* PROBLEM REQUIREMENTS
What's needed is an exact copy of the lines from the one that contains "SET OF 2: JRSS" to the end of the data below, leaving the pictures out.

* ENTRIES PROVIDED
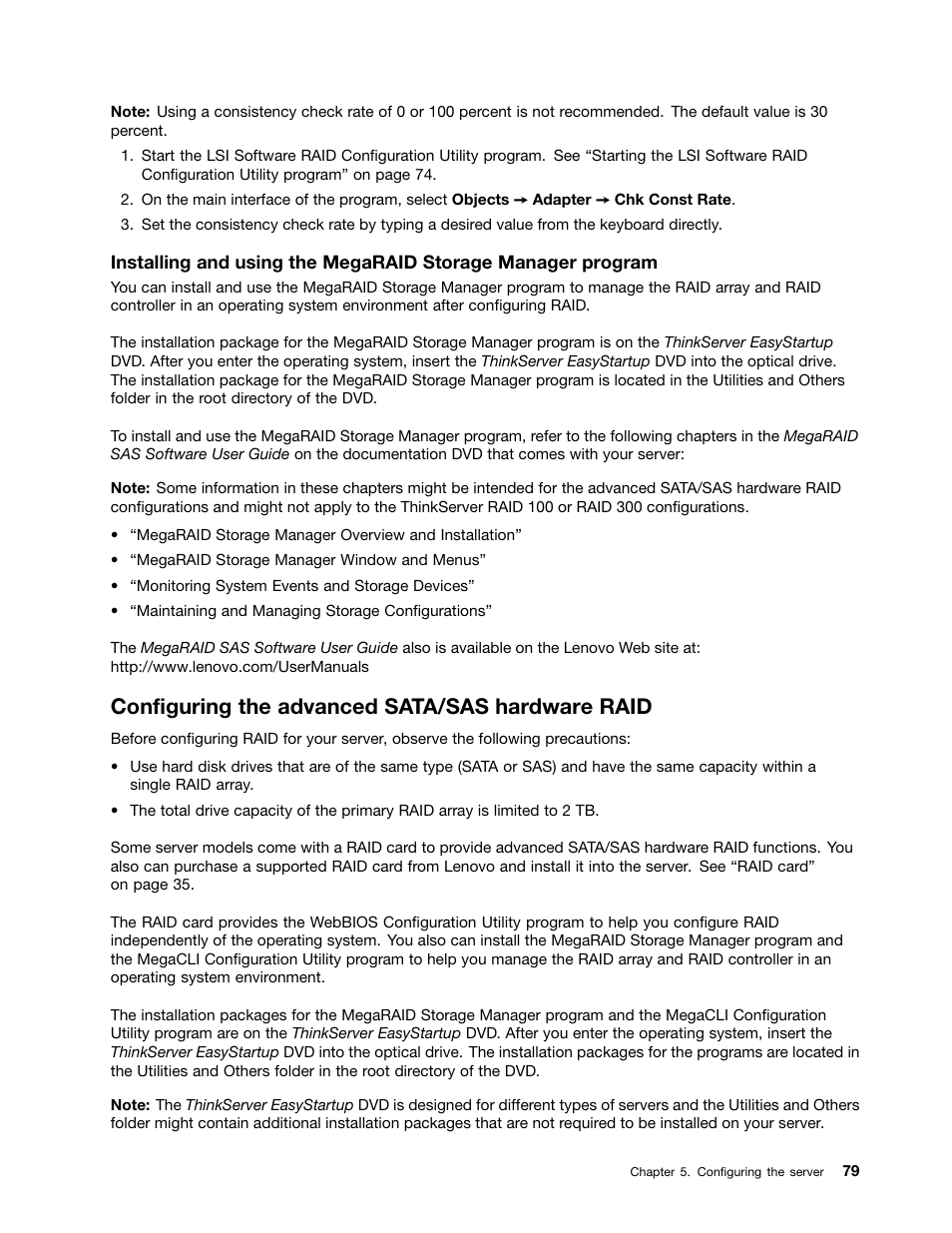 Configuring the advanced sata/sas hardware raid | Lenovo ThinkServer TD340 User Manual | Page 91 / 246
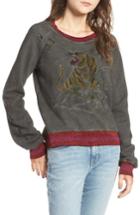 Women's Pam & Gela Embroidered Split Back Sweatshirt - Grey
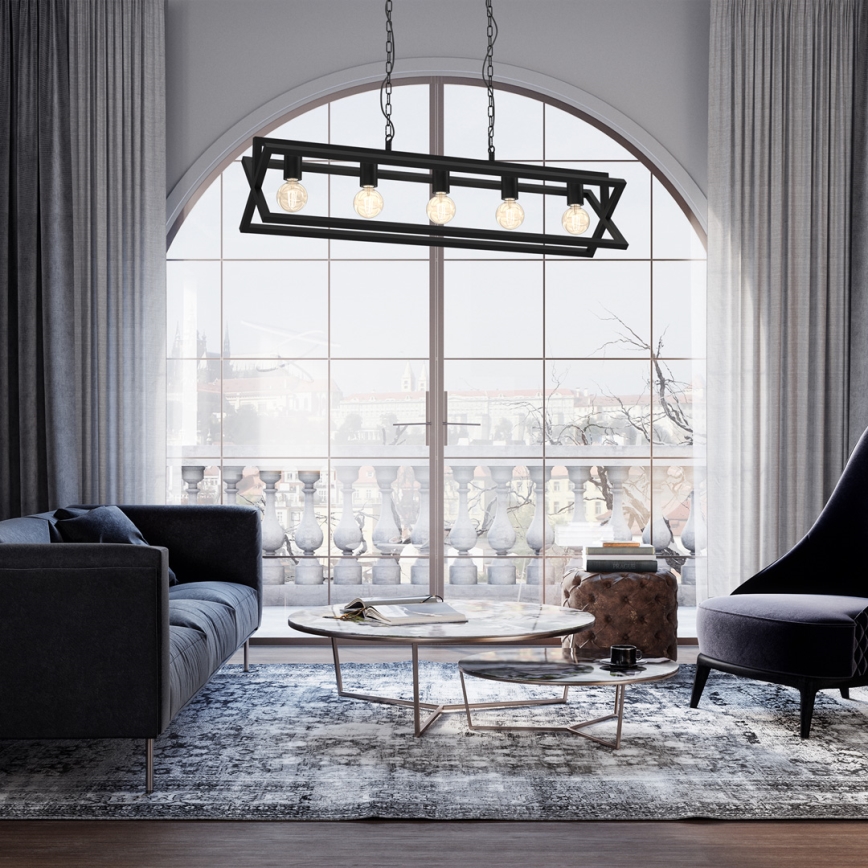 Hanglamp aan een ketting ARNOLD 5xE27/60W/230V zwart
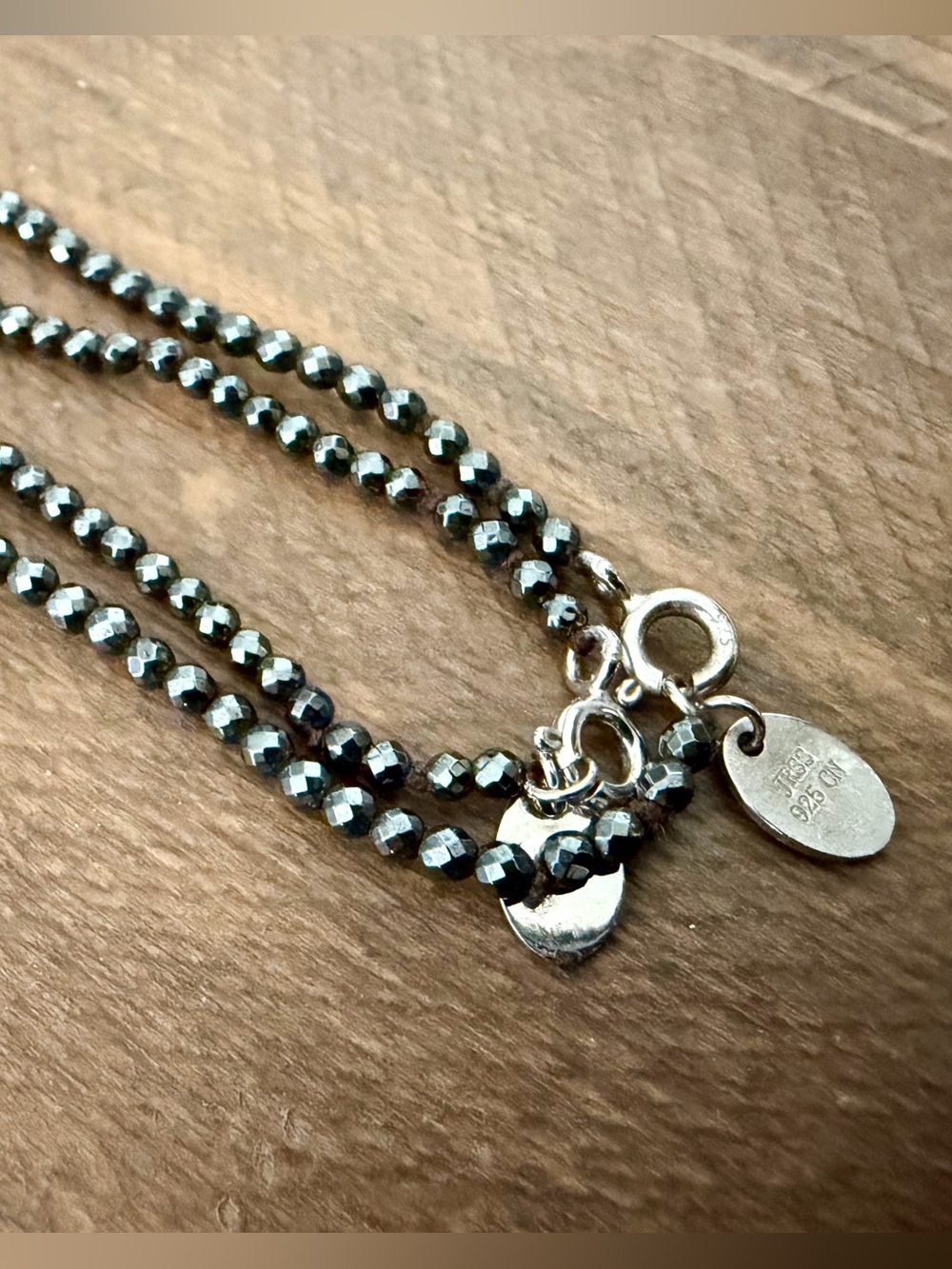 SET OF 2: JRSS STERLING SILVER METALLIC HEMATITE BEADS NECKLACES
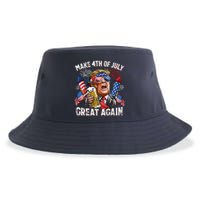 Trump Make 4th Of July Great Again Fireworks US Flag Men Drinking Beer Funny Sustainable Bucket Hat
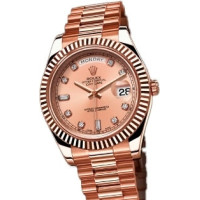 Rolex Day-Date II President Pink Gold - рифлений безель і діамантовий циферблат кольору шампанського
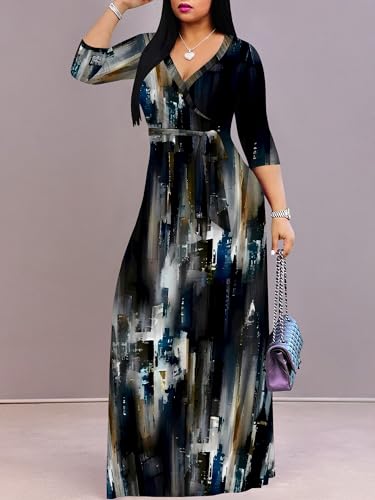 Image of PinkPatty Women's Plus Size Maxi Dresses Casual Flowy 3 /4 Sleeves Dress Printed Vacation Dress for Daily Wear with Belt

* PROBLEM SOLUTION
 SET OF 2: JRSS STERLING SILVER METALLIC HEMATITE BEADS NECKLACES
 Trump Make 4th Of July Great Again Fireworks US Flag Men Drinking Beer Funny Sustainable Bucket Hat
 Rolex Day-Date II President Pink Gold - рифлений безель і діамантовий циферблат кольору шампанського
 Image of PinkPatty Women's Plus Size Maxi Dresses Casual Flowy 3 /4 Sleeves Dress Printed Vacation Dress for Daily Wear with Belt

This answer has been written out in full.